» Task item
For the material below, return exactly the lines starting at the line containing "Now let's see" and ending at the line containing "This feature allows", both ends included, and no others.

» Input data
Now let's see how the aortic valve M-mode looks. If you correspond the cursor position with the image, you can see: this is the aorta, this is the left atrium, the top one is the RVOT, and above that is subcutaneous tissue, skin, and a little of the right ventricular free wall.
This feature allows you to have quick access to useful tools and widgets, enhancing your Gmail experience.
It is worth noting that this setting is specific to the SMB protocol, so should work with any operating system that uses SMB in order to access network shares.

---

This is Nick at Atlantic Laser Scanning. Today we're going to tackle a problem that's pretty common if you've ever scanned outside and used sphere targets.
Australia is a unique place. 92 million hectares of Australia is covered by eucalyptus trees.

* * *

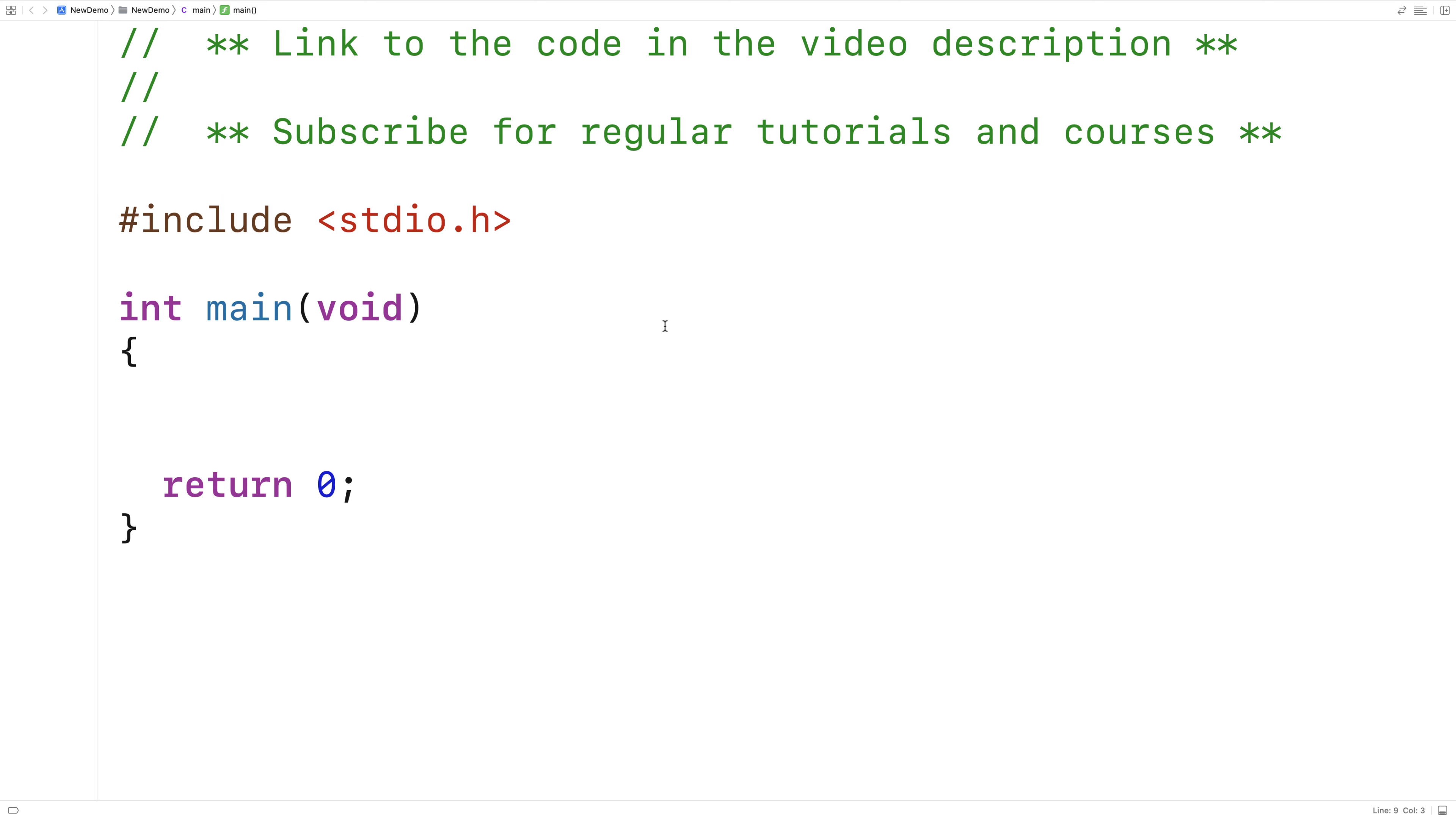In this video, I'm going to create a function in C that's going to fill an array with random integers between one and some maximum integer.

» Written solution
Now let's see how the aortic valve M-mode looks. If you correspond the cursor position with the image, you can see: this is the aorta, this is the left atrium, the top one is the RVOT, and above that is subcutaneous tissue, skin, and a little of the right ventricular free wall.
This feature allows you to have quick access to useful tools and widgets, enhancing your Gmail experience.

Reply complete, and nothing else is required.